# Management tool for sub contractors



## [email protected] (Sep 12, 2018)

Hi Guys,

I'm newer to the industry and a lot of my work goes to sub contractors as my skill set lies in the customer relationship building and business operations side as opposed to the painting work itself. My PM also handles the project work for our payroll team members.

In total, I have about 15 different subs that I trust to reliably complete work. When I land a job I intended to sub out, I would like some sort of app or program that I can input the work order that sends out the job to my subs and its available to them on a first come first served basis. They can review the job details, pictures, deadlines and pay rate.

Has anyone used something similar to what I'm describing and/or would there be other painters interested in this?

Thanks.

---


----------



## JoshA. (Oct 5, 2018)

This is a great questions. I’m also looking for something similar albeit I have no where the business that you do yet, but that is my goal. Hopefully someone has some ideas. Thanks for posting!


Sent from my iPad using Tapatalk


----------



## JoshA. (Oct 5, 2018)

I just looked up your website. Looks great! Who developed it for you? Was it created on Squarespace or all custom?


Sent from my iPad using Tapatalk


----------



## MikeCalifornia (Aug 26, 2012)

Congratulations!!
You are thumbtack, angies list, quote runner, home advisor, home blue, local painter quotes, and the never ending list of middle men "salesmen", lead generators who are praying on the stupid homeowner. From your description, your sub has nothing to do with pricing the job? As a real contractor, I would never take a job without submitting a bid for the actual work that I would be performing. Why would I rely on someone to tell me how much I should make?
"I would like some sort of app or program that I can input the work order that sends out the job to my subs and its available to them on a first come first served basis. They can review the job details, pictures, deadlines and pay rate." So just a question, what if no one wants to do your job? Do you turn it down, up the price, god forbid do it yourself?


----------



## [email protected] (Sep 12, 2018)

Forgot about this thread. Apologies for the delay, so I will reply now.
@joshA - The website theme is from monster templates. only cost $75. However have had recent issues with it so it is currently offline.
@MikeCalifornia - No need for sarcasm. I'm not referring to posting the job on mass to any hack that owns a ladder and a paintbrush. I am looking for a more refined process to communicate with my subs and partners opportunities that come my way as opposed to sending an email en mass, text or phoning them individually. I've worked side by side with them on projects for years and we all know what an appropriate pay-for-work is. This relationship goes both ways as sometimes I give them work, sometimes they give me work. If the one who lands the fish gets a piece of it and shares with the others, why shouldn't they get rewarded for it? They took the time to meet the client, understand the project, address the client needs, provide an estimate and land the job. This is still work even though it's not applying paint. 

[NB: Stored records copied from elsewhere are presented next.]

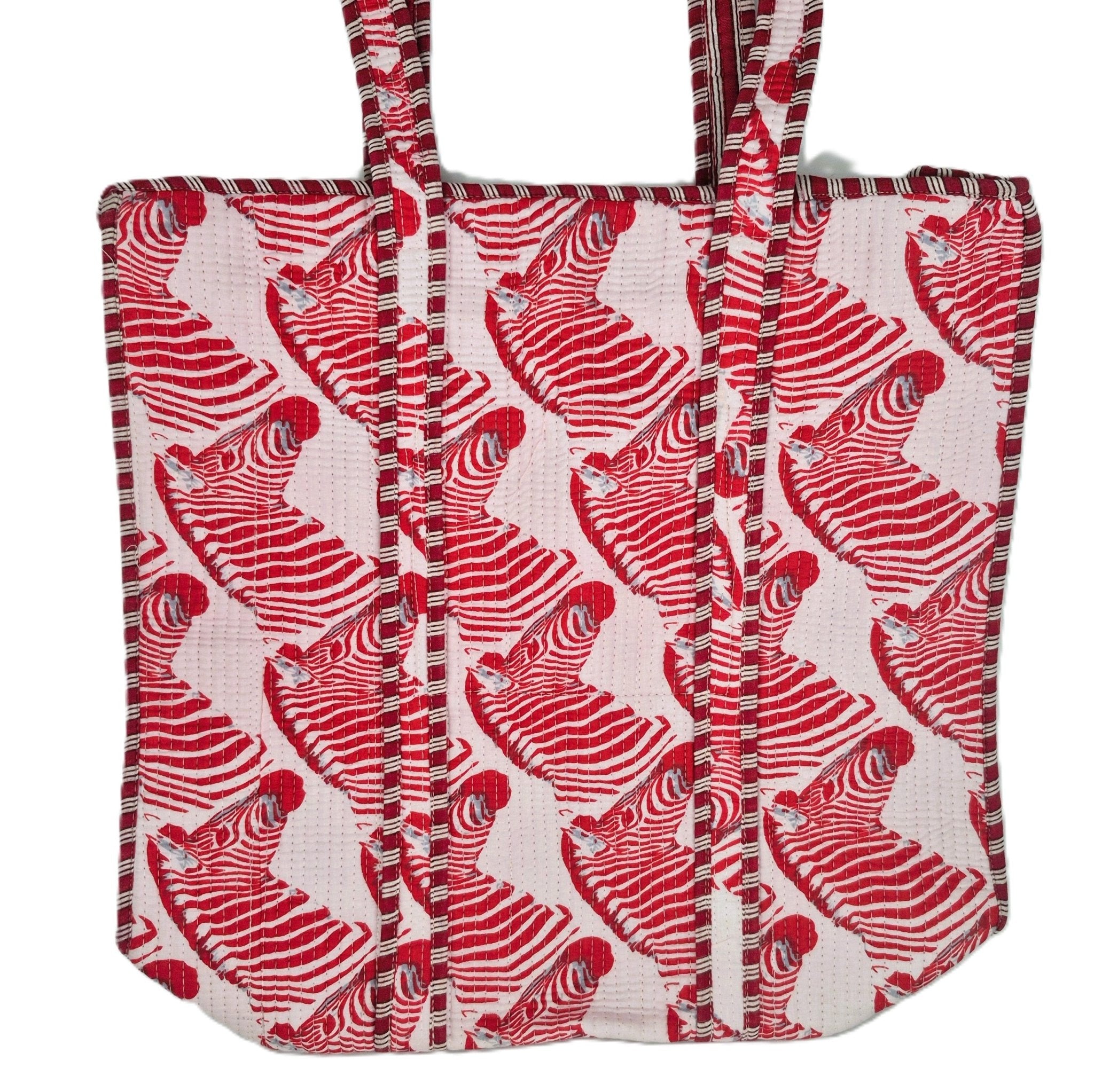 Zebra block-print quilted cotton shopper bag with red zebras on white, contrast lining and zip closure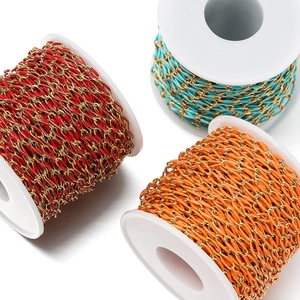 Macro detail of colorful enamel twisted oval chains on reels for DIY jewelry making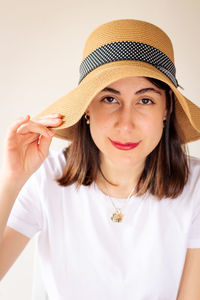 Portrait of young woman wearing hat against white background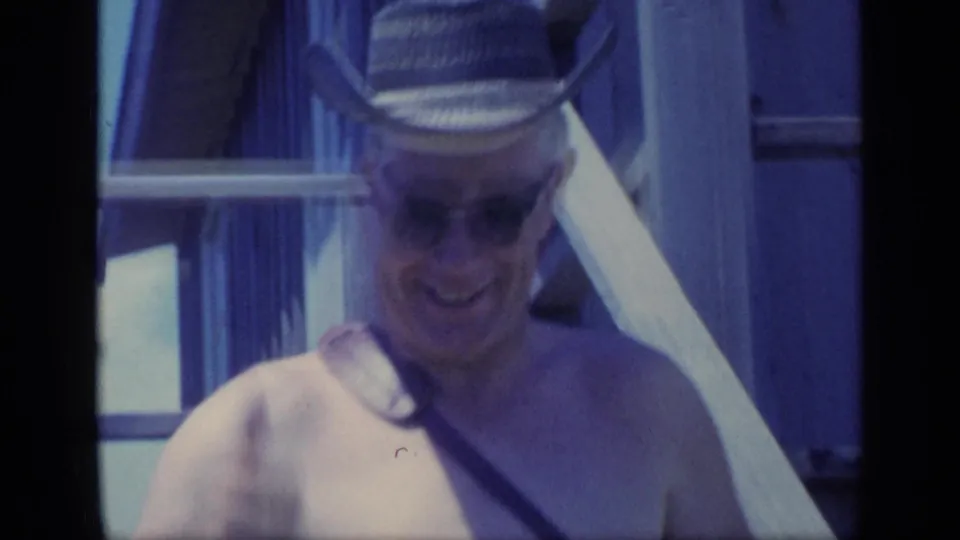 The man descends wooden stairs, still wearing sunglasses and a cowboy-style hat, in a handheld 1968 Florida vacation shot.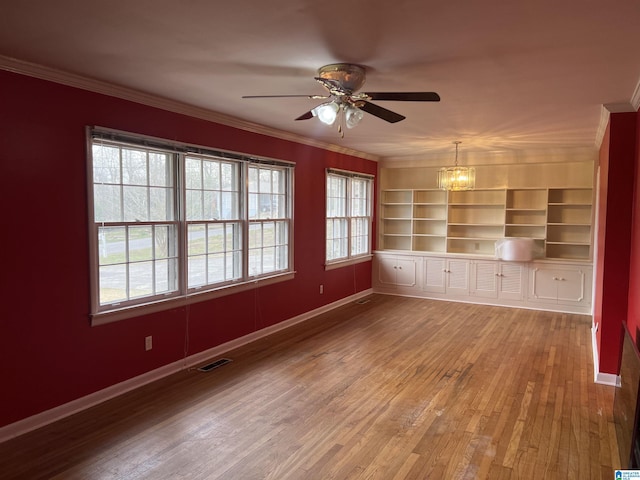 interior space with visible vents, wood finished floors, and crown molding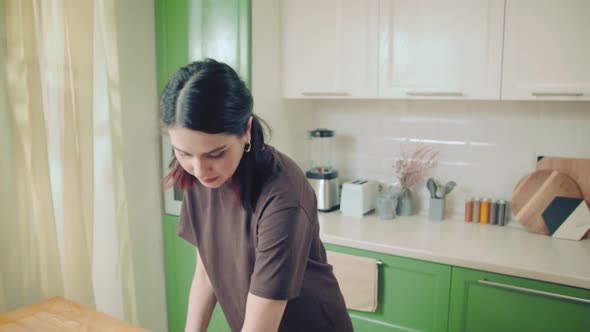 Young Caucasian Woman in Brown Tshirt Baking Cookies at Home Kitchen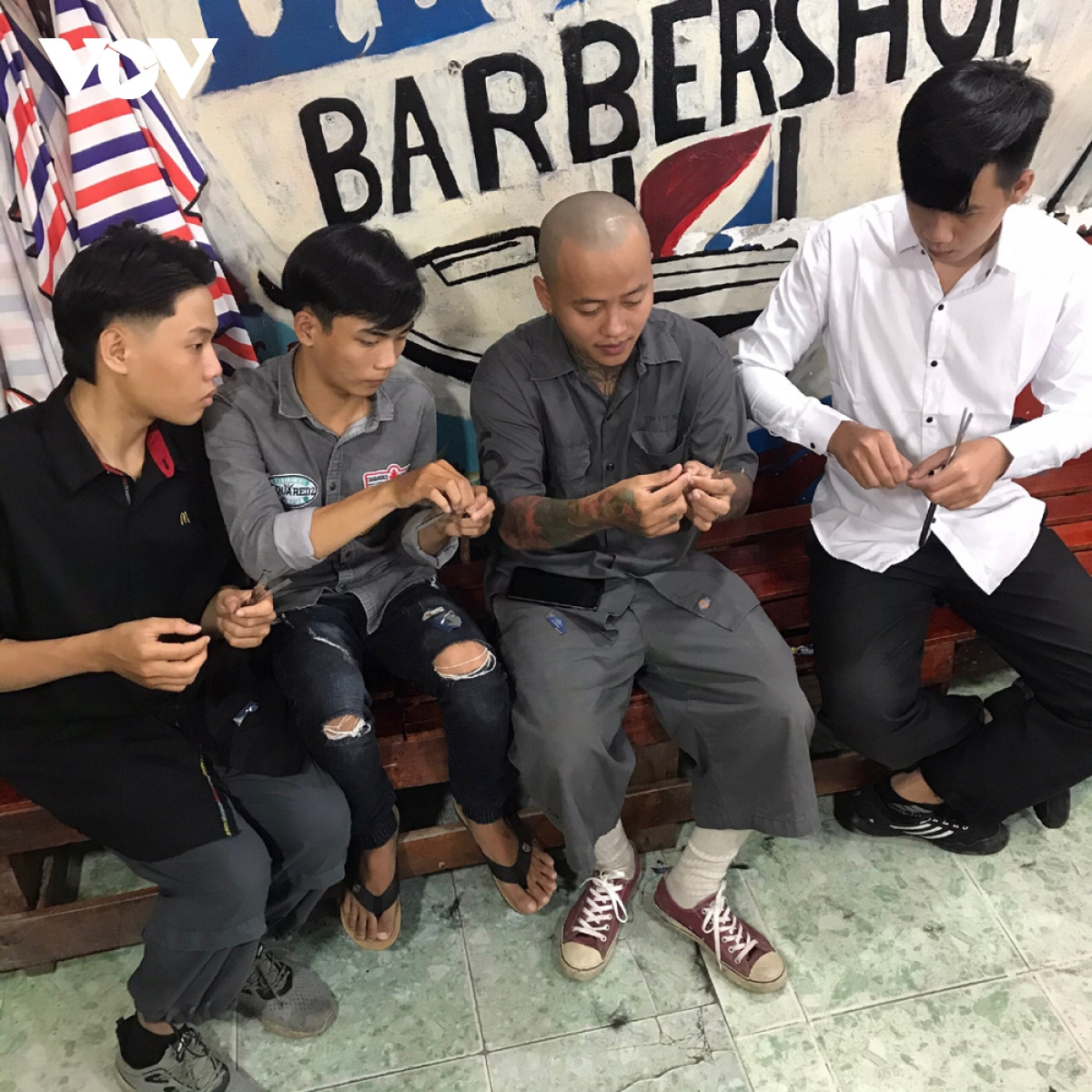 Thợ cắt tóc đang tập trung làm việc tại một tiệm Barber Shop, thể hiện sự chuyên nghiệp và tỉ mỉ trong từng đường kéo, đảm bảo khách hàng có một mái tóc ưng ý.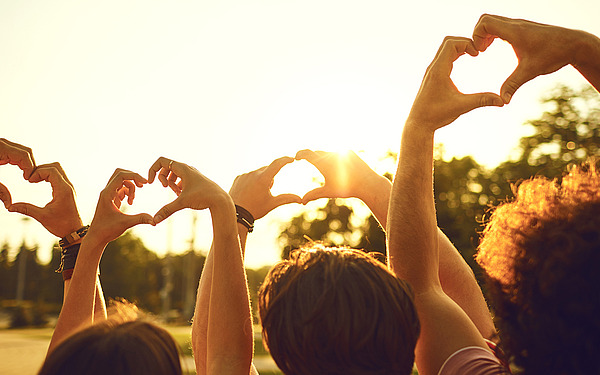Eine Gruppe von Menschen im Freien hält ihre Hände in Form von Herzen hoch, die sich als Silhouette vor der Sonne und einem unscharfen Hintergrund aus Bäumen abheben und so Einheit und Liebe zum Ausdruck bringen.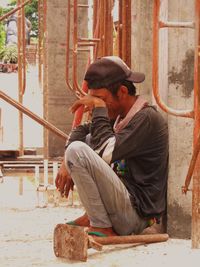 Crying manual worker sitting at construction site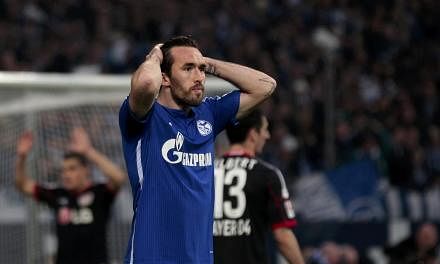 Christian Fuchs reacting during FC Schalke 04's Bundesliga first division soccer match against Bayer Leverkusen in Gelsenkirchen March 21, 2015. -- PHOTO: REUTERS
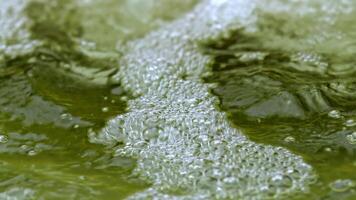 Moving Water Texture Background With Sparkling And Bubbles Footage video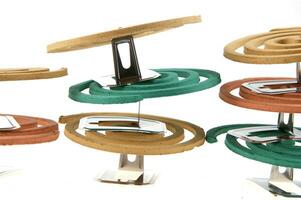 a group of colorful coasters with a spiral design photo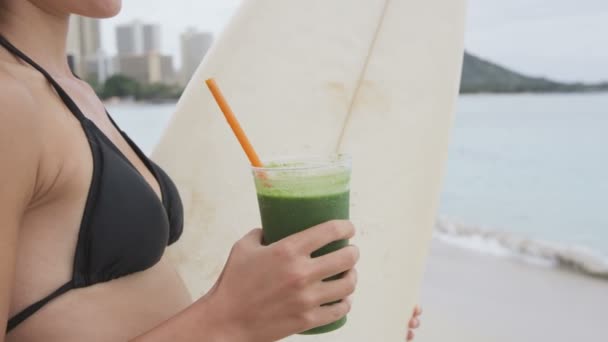 Woman drinking smoothie after surfing — Stock Video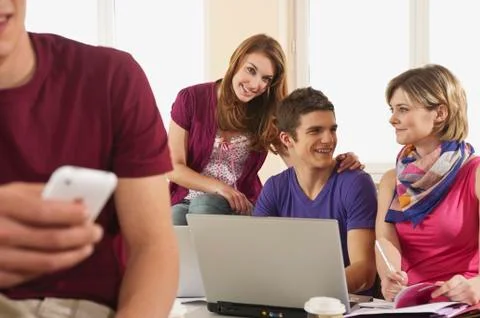 Germany, Emmering, Students using laptop with man holding mobile in foreground Foto stock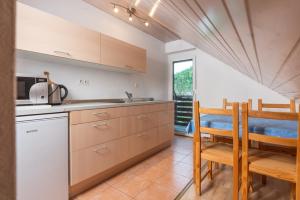 博希尼Apartments Žnidar的厨房配有木制橱柜和桌椅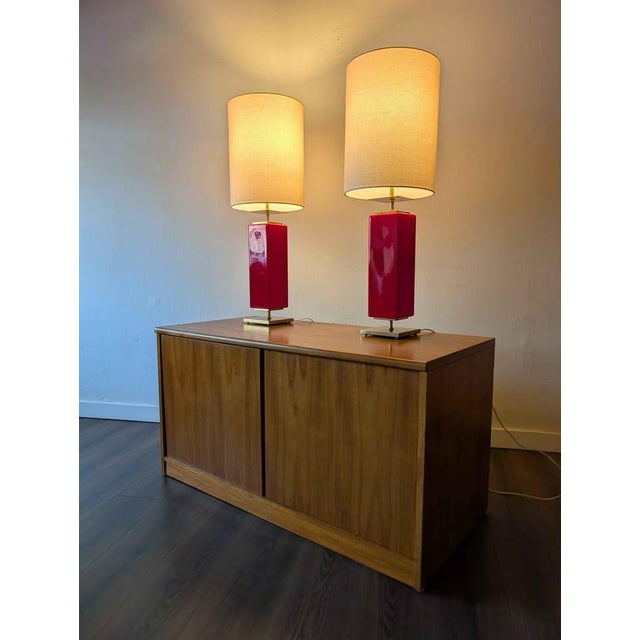 Nice pair of red glazed ceramic & brass table lamps by Kate Spade. Originally purchased at Neiman Marcus. Height 37" Width...
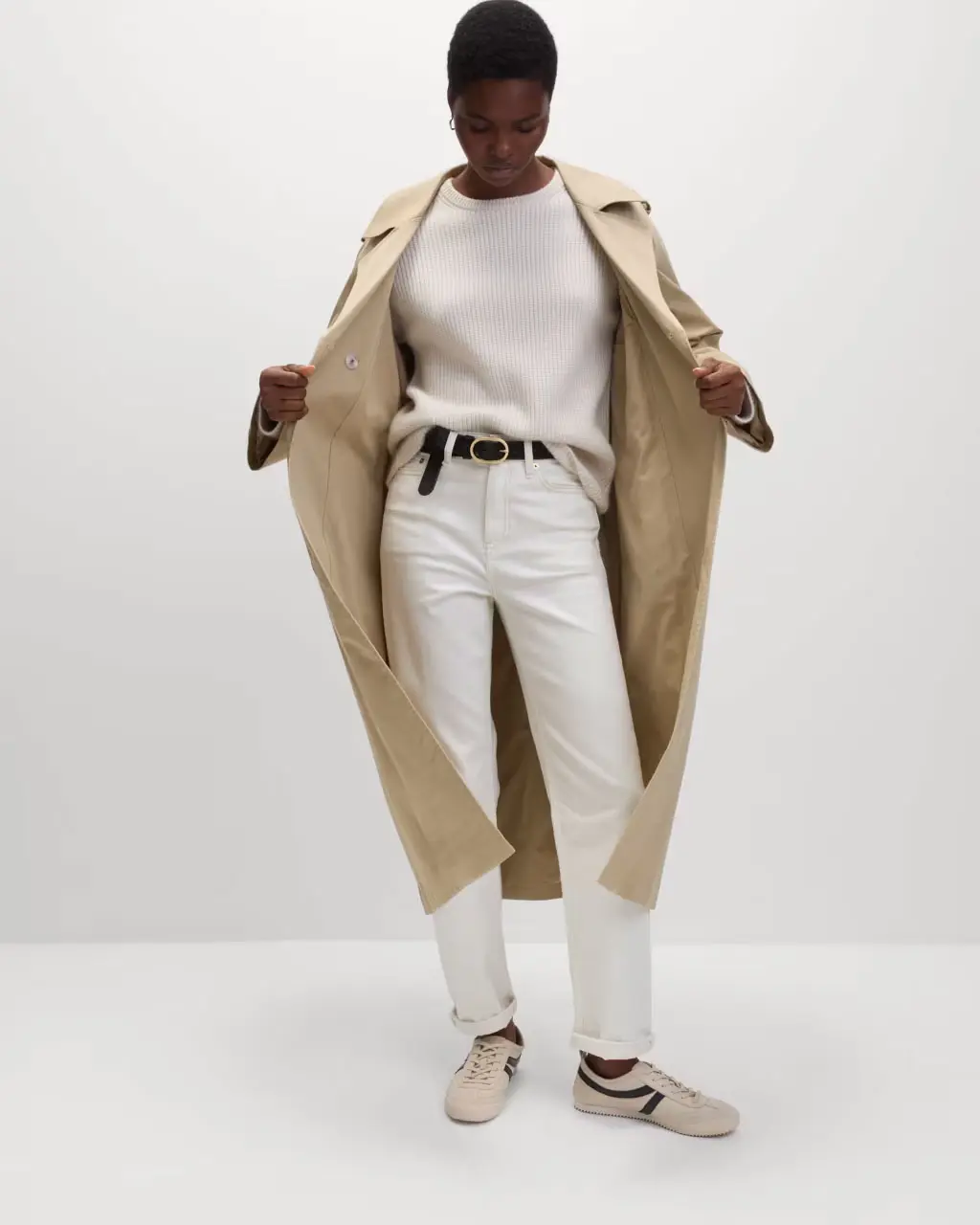 Woman wearing a trench coat at M&S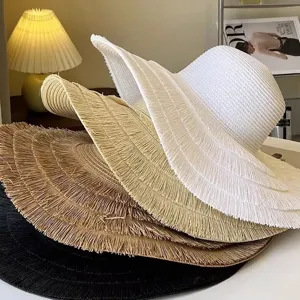 Stylish wide brim straw hat for women, foldable summer beach sun hat with UV protection.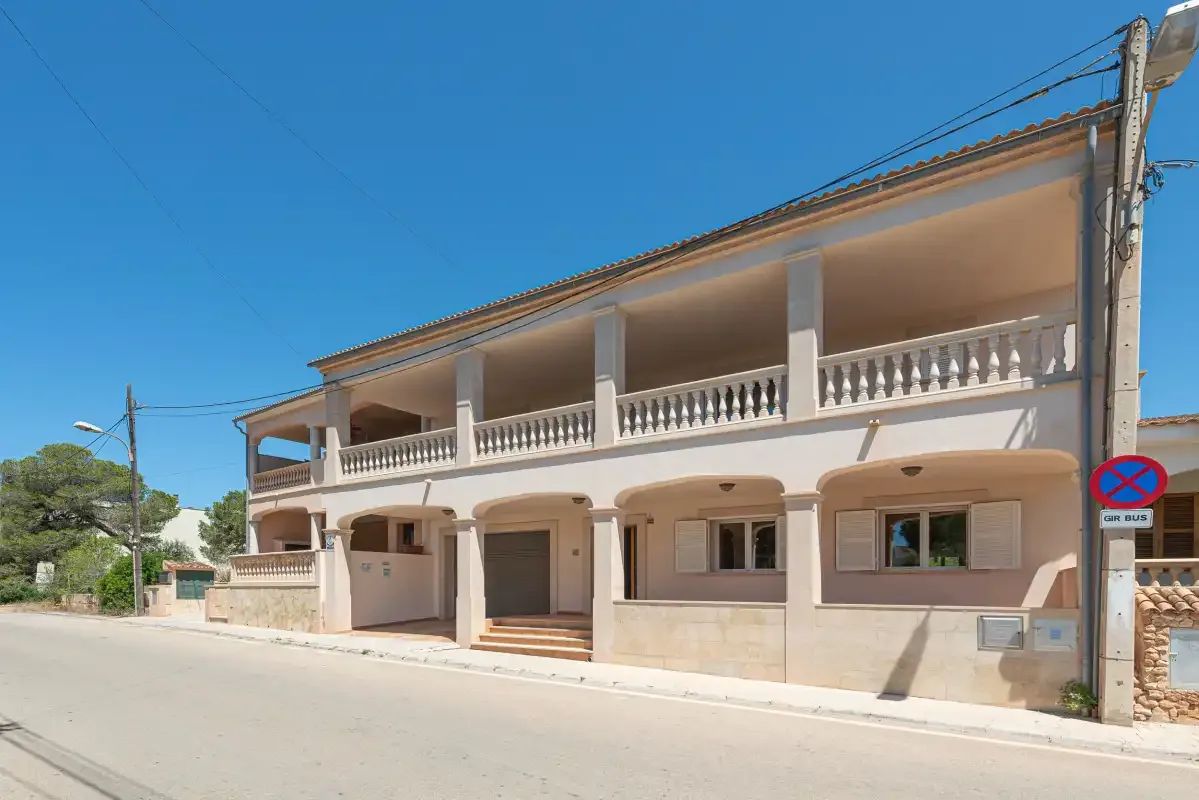 A two-story building with long balconies stands beside a sunny street.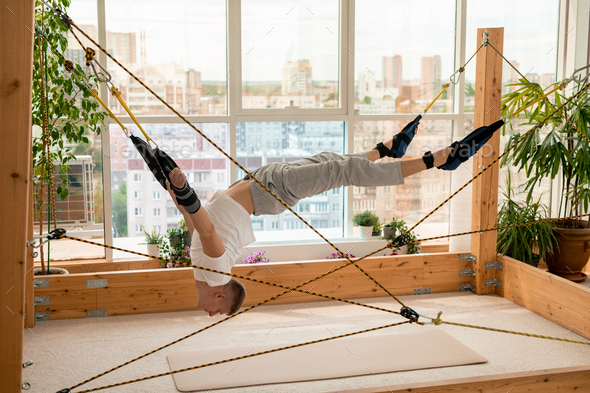 Young sportsman with his arms and legs fixed to ropes doing aerial yoga exercise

No one has hurt feelings about it. It's still my business and my reputation on the line with the client so I am not sending someone I do not know or whose work I wouldn't vouch for to do a job. 

To answer your questions - If none of my subs/partners wants the job then ultimately my paid staff/crew will do it or even myself. My estimate prices don't change regardless if employees or subs do the work, the "business" always net on every job.


----------



## CindyinRI (Nov 2, 2018)

To keep it simple?

Create a Google Email address - Use the Drive and send the Client Folders (that hold all info) to the appropriate Sub?


----------